EGJ distensibility measurements have showed to be predictive of success in achalasia treatment and offer an alternative to the barium height test [Citation3]. Distensibility measurements during dilation therapy may provide a useful real-time prediction of success or failure after dilation and this subject remains the base of ongoing research. However, it is probable that any clinical rule developed for prediction of success will need to include factors beyond diameter and distensibility alone and should take notice of other known predictors of failure. Clearly, as compared to fluoroscopy, a more detailed image with quantitative diameter measurements is provided, and this can assist in documenting the therapeutic intervention. The greatest benefit will accrue if intraprocedural CSA, pressure and distensibility measurements can be integrated into a clinical rule to reliably predict whether a further dilation or surgical intervention might be required. Should this be possible, then a patient-specific dilation regimen using this balloon may prove to be the safest and most (cost-) effective dilation technique in achalasia patients.

Key issues

  • The EsoFLIP hydraulic dilation technology offers the ability to eliminate fluoroscopy during dilation procedures.

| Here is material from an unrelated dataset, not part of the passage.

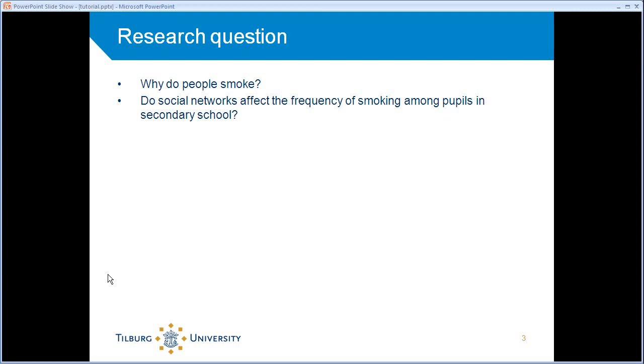I'm no expert on smoking or the scientific literature of smoking. But intuitively, we might already think that it could have something to do with social networks. Especially at the age of these pupils, I think people are very sensitive to network influence by their peers. So it could have something to do with social network smoking behavior.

  • All dilations using the EsoFLIP require saline injection into the balloon. Initial experience suggests that hydraulic (in contrast to air) dilations appear safe for achalasia dilation.

  • Future studies should focus on assessing whether intraprocedural pre- and postdilation distensibility measurements can be used to make a clinical rule to predict therapeutic success after dilation.

Financial & competing interests disclosure

P.D. Siersema has received an unrestricted grant of Crospon Ltd. to conduct studies with the EsoFLIP. The authors have no other relevant affiliations or financial involvement with any organization or entity with a financial interest in or financial conflict with the subject matter or materials discussed in the manuscript apart from those disclosed.